Et truchemens des dieux beaucoup les appeloient,
Croyans que par leur bouche aux humains ils parloient.
On void aussi que l’homme ayant dés la naissance
Le Nombre, l’Armonie et la Contrefaisance,
Trois points que le Poète obserue en tous ses vers,
Que de là sont venus tous les genres diuers
Qu’on a de Poésie : à raison que naissante
Premier cette Nature en nous contrefaisante,
Fist que celuy qui fut enclin pour imiter,
S’enhardit peu à peu de nous représenter
Tous les gestes d’autruy, chanter à l’auenture,
Rapportant à la voix l’accort et la mesure :
Depuis il s’ensuiuit qu’en beaucoip de façons
Elle fut diuisee en l’esprit des garçons.
Selon que de leurs meurs la coustume diuerse
A faire les poussoit des vers à la trauerse.

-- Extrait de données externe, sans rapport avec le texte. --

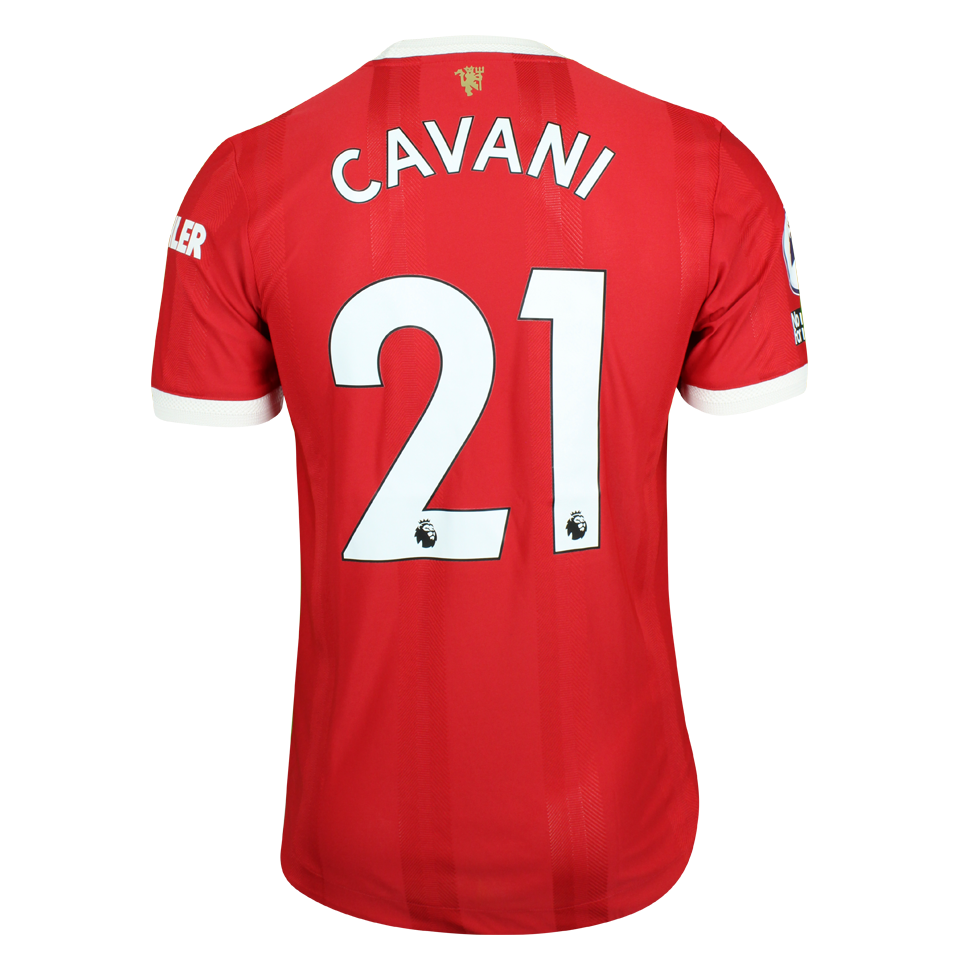 Manchester United 팀의 Edinson Cavani 셔츠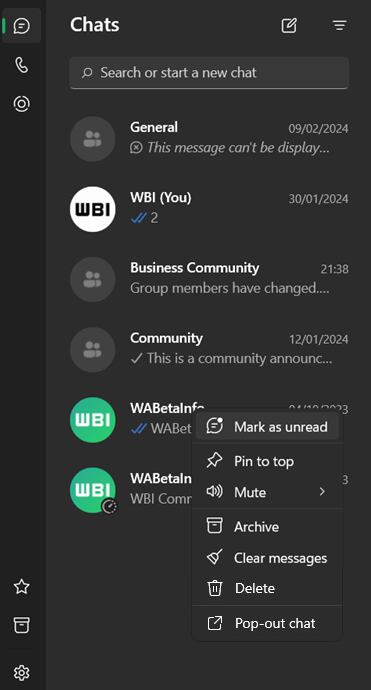 Vista previa de la nueva función "Chats emergentes". (Foto: WabetaInfo)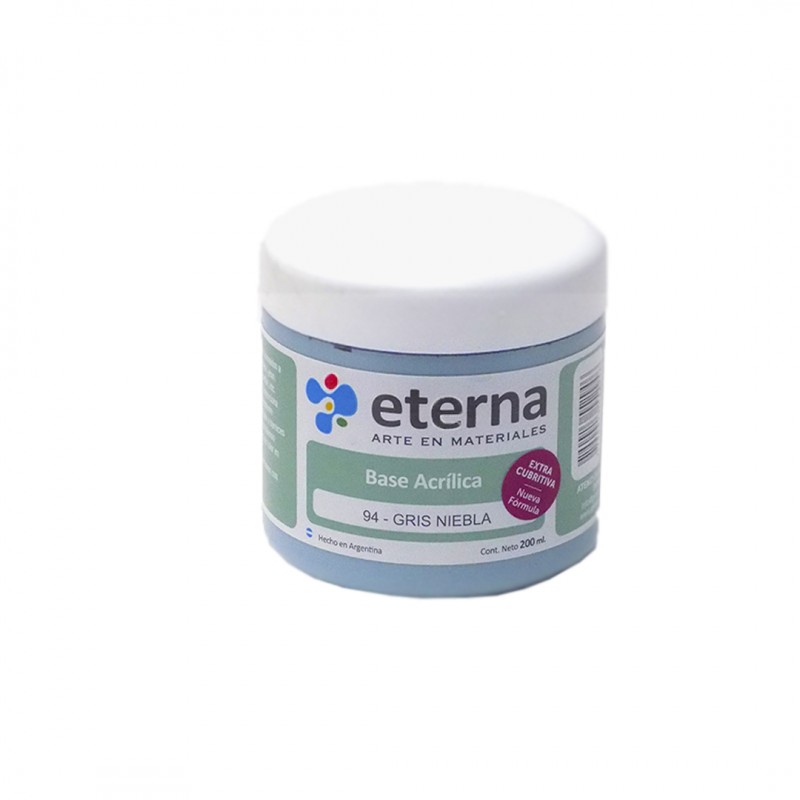 BASE ACRILICA ETERNA X200ML. GRIS NIEBLA BASE ACRILICA ETERNA X200ML. GRIS NIEBLA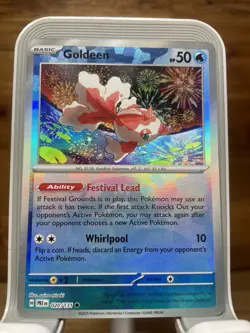 Pokemon TCG Goldeen Prismatic Evolutions Masterball Holo Card 020/131 S&V NM - Image 1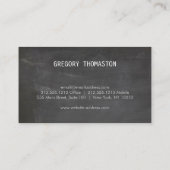 Carte De Visite Logo du cercle d'entaille d'encre blanche sur tabl (Dos)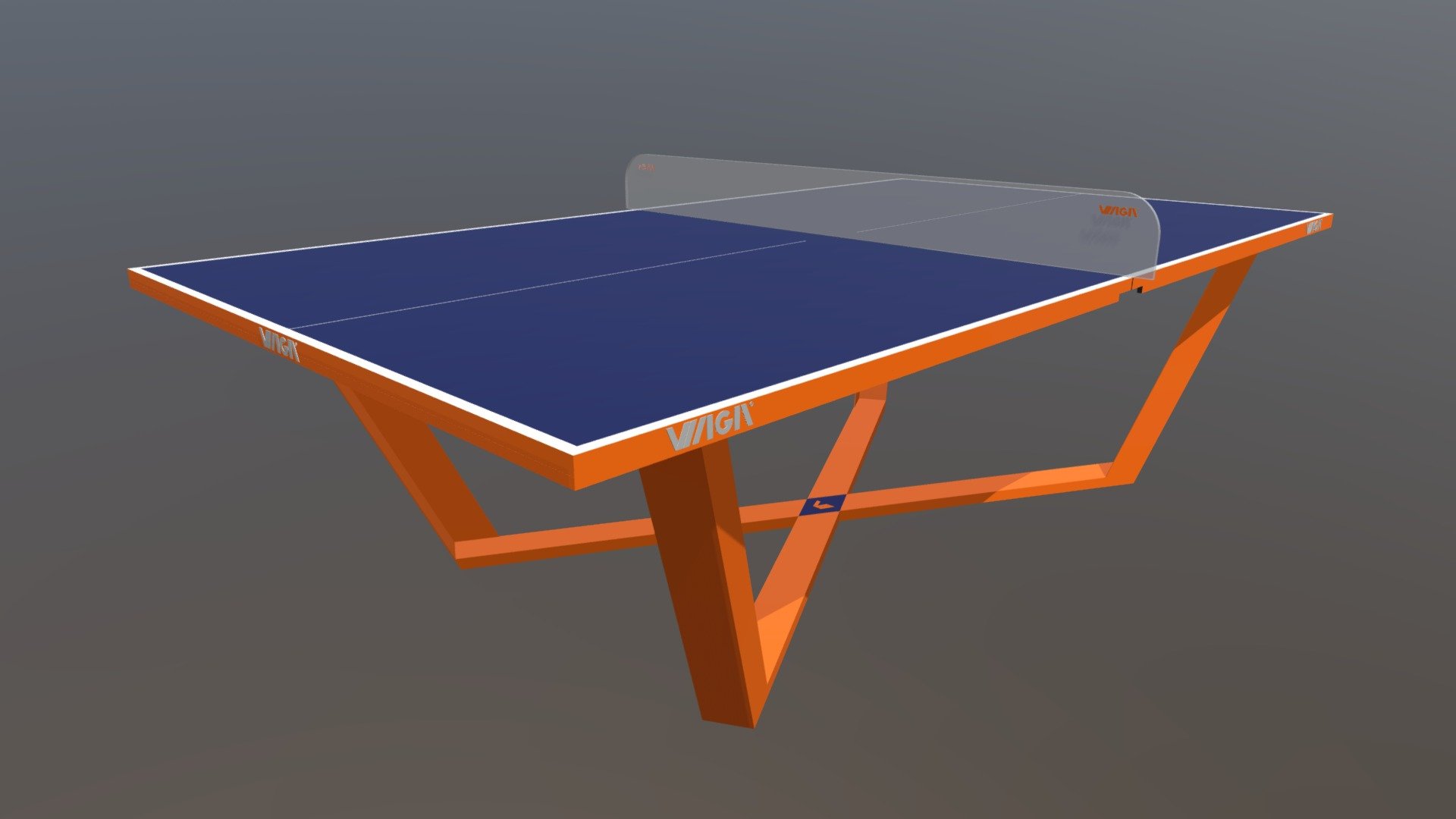 ( WAGA-X Original Model )
Table tennis Table in Thailand
 / made in Thailand
Ref: http://www.wagasport.com/ml25.html - TABLE TENNIS Orig - Download Free 3D model by KimtueKP 3d model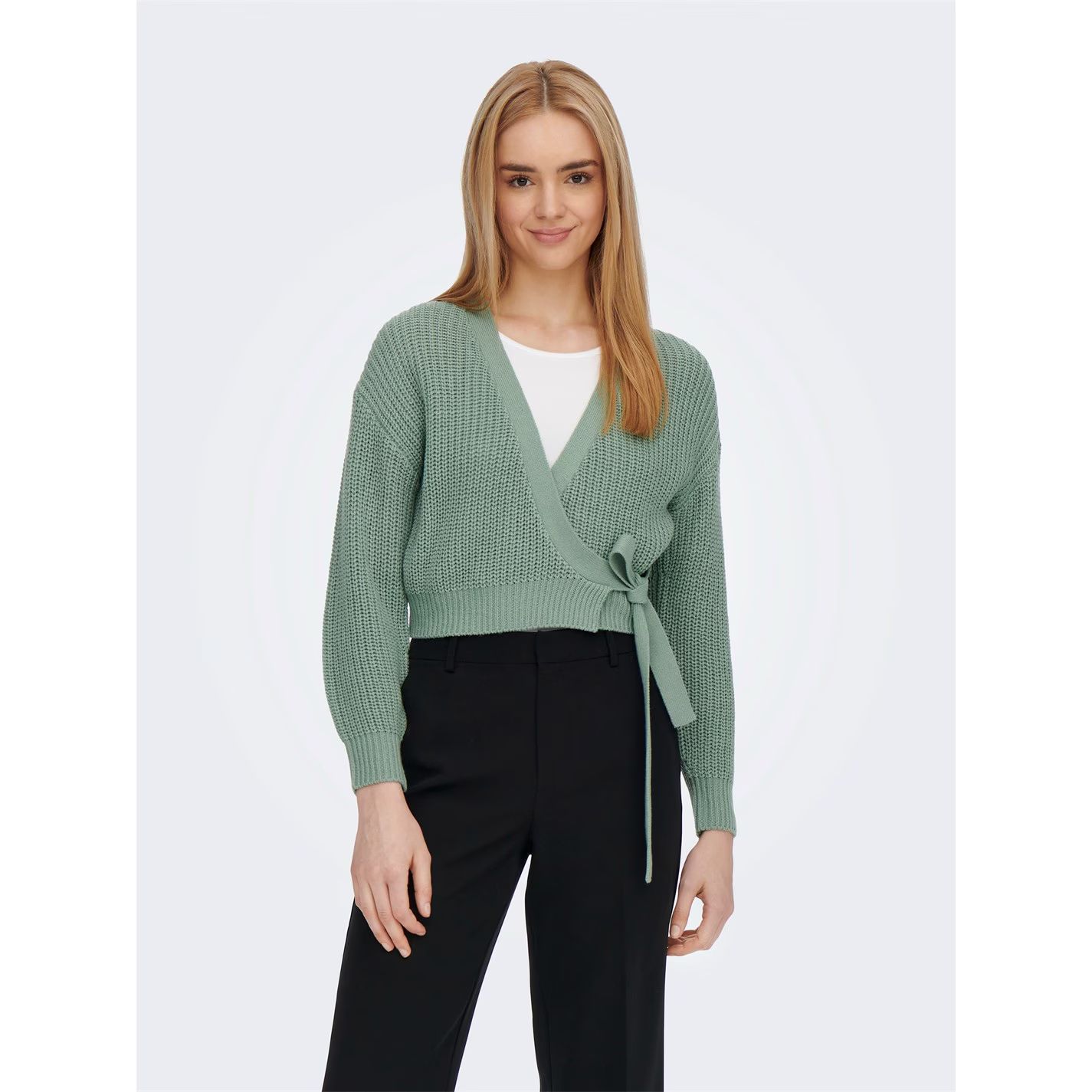 랩 가디건 여성 그린 Breda Wrap Cardigan Womens Chinois Green 50014915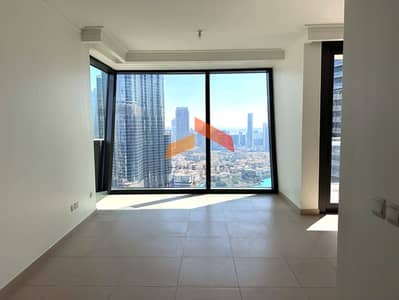 3 Bedroom Flat for Rent in Downtown Dubai, Dubai - Full Burj Khalifa View | High Floor | Unfurnished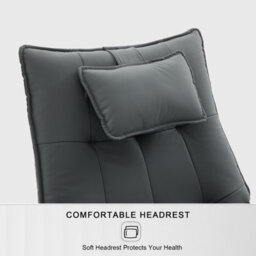 Recliner Chair With Footstool Swivel Chair - Gray - thumbnail 6
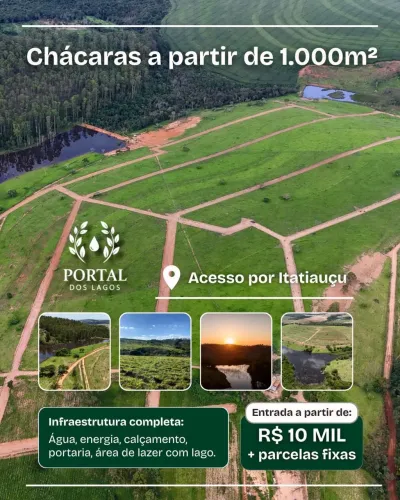 Últimas Chácaras Disponíveis no Portal dos Lagos ? Oportunidade de Valorização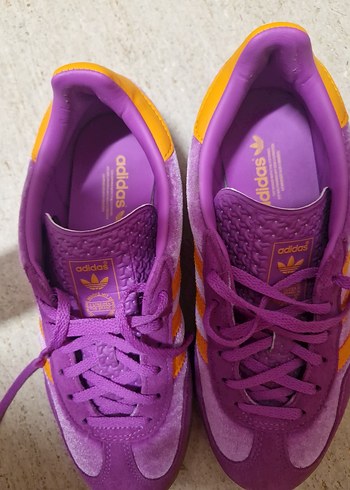 38 Beden mor Renk Mor ve Turuncu Adidas Gazelle Kadın Spor Ayakkabı
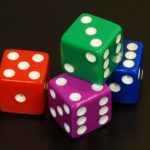 Picture of multi colored dice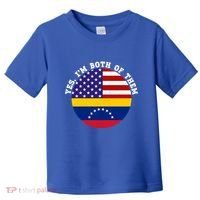Half American Half Venezuela Usa Flag Cool Gift Toddler T-Shirt thumb 0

Delà vint qu’on voyoit les sages généreux
Les gestes imiter des hommes valeureux :
Les prudens contrefaire vne vieille prudence,
Et mettre d’vn Nestor l’esprit en euidence.
En imitant leurs meurs, leurs belles actions,
Comme elles ressembloient à leurs intentions :
Les autres plus légers les actions légères
Imitoient des mauuais : et comme harengeres
Touchoient l’honneur de tous, vsant de mots picquants.